### Your instructions
Leave out the pictures and retype, exactly, the lines below from the line with "Waitress serving banquet table" up to and including the line with "Rams Myles Garrett", nothing more.

### Entries supplied
-.-.-

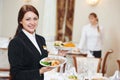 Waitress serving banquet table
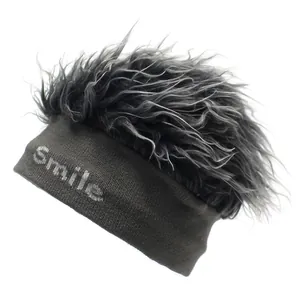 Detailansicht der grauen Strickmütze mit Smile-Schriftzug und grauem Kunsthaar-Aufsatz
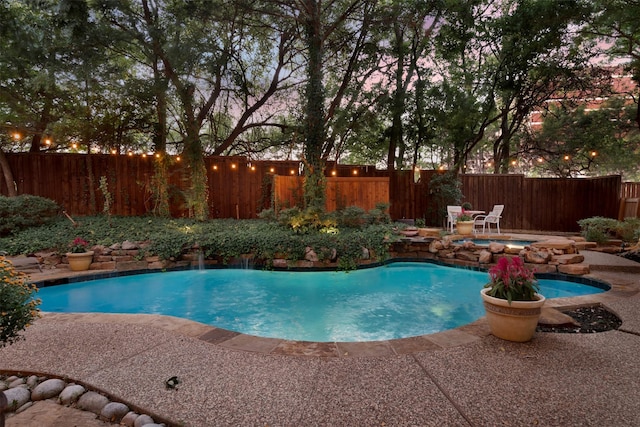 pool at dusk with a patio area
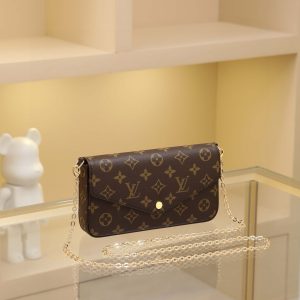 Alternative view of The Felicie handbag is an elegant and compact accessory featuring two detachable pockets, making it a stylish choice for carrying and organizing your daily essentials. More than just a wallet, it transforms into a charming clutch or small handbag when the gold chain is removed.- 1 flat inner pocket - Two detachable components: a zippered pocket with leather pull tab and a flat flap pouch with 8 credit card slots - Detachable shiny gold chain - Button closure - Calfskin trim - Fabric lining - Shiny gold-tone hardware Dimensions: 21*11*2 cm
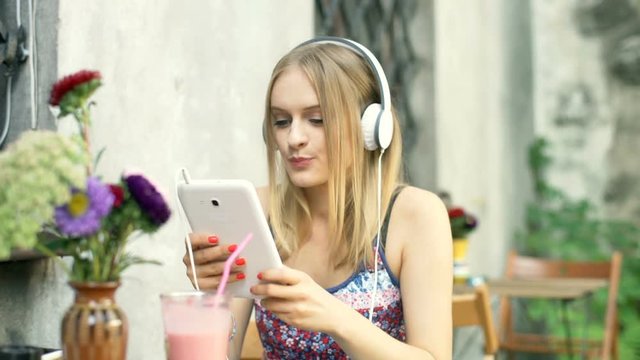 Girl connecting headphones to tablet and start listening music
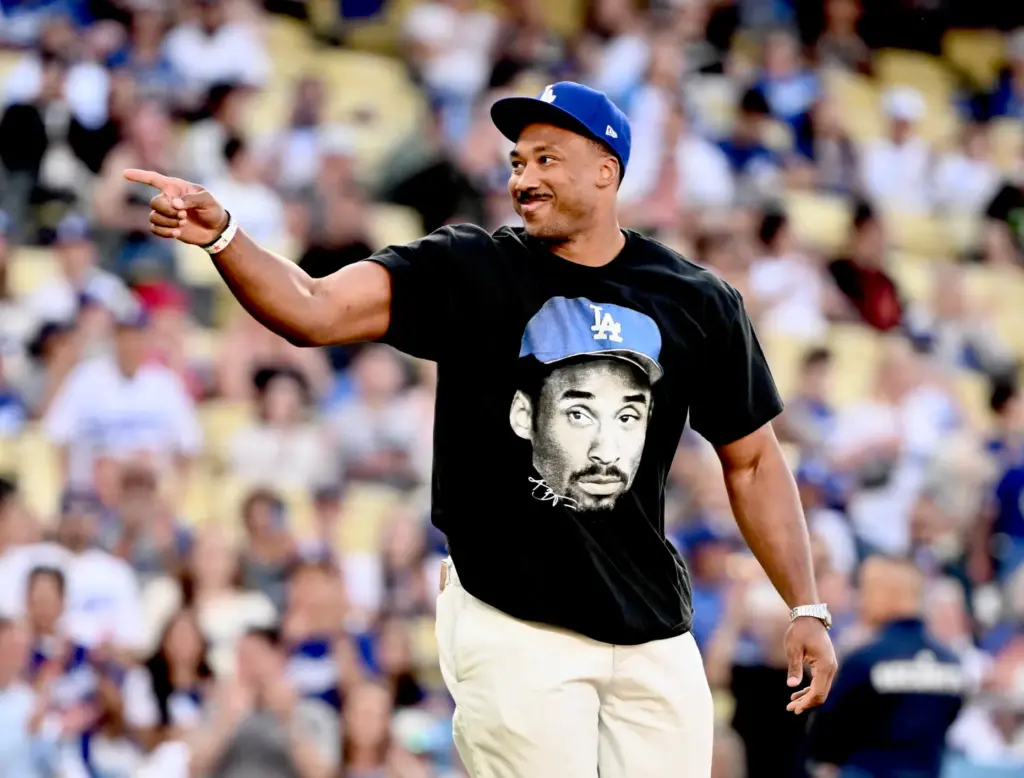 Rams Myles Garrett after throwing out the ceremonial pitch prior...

-.-.-

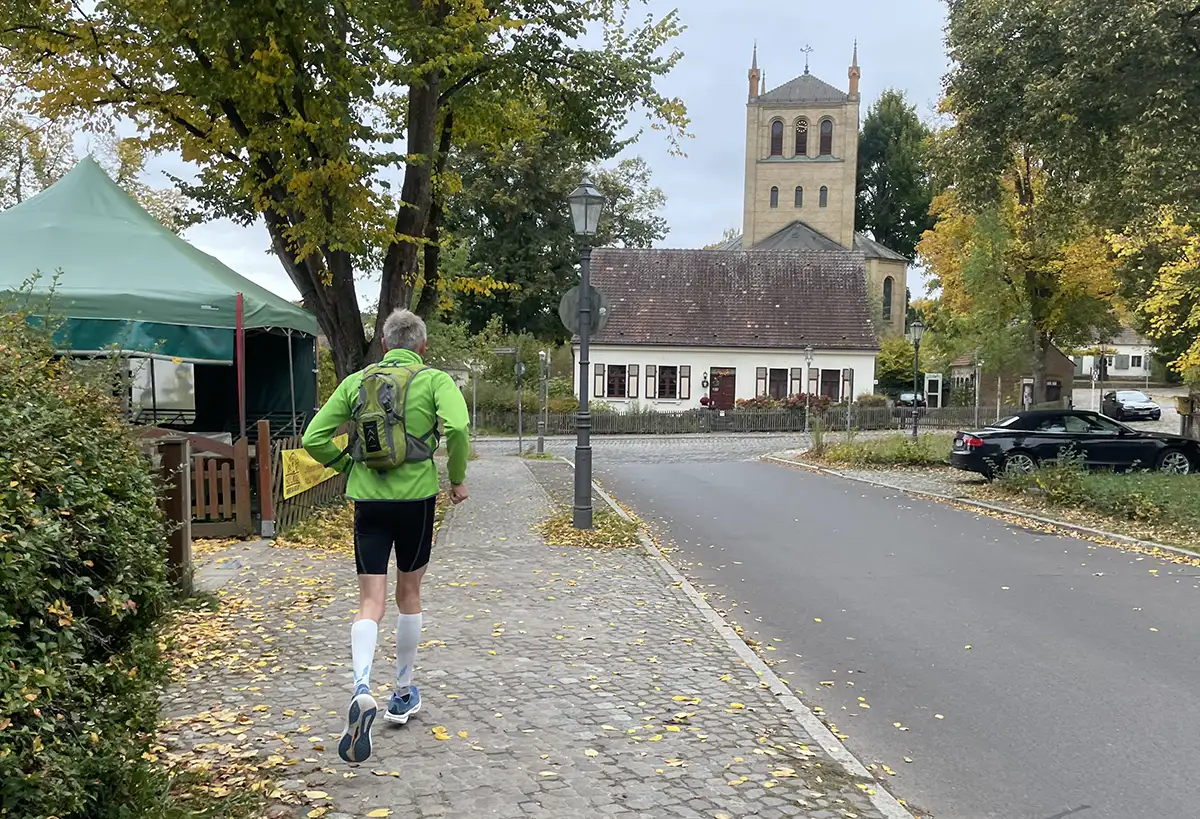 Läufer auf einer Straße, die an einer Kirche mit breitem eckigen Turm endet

-.-.-

### Answer to this exercise
 Waitress serving banquet table
 Detailansicht der grauen Strickmütze mit Smile-Schriftzug und grauem Kunsthaar-Aufsatz
 pool at dusk with a patio area
 Alternative view of The Felicie handbag is an elegant and compact accessory featuring two detachable pockets, making it a stylish choice for carrying and organizing your daily essentials. More than just a wallet, it transforms into a charming clutch or small handbag when the gold chain is removed.- 1 flat inner pocket - Two detachable components: a zippered pocket with leather pull tab and a flat flap pouch with 8 credit card slots - Detachable shiny gold chain - Button closure - Calfskin trim - Fabric lining - Shiny gold-tone hardware Dimensions: 21*11*2 cm
 Girl connecting headphones to tablet and start listening music
 Rams Myles Garrett after throwing out the ceremonial pitch prior...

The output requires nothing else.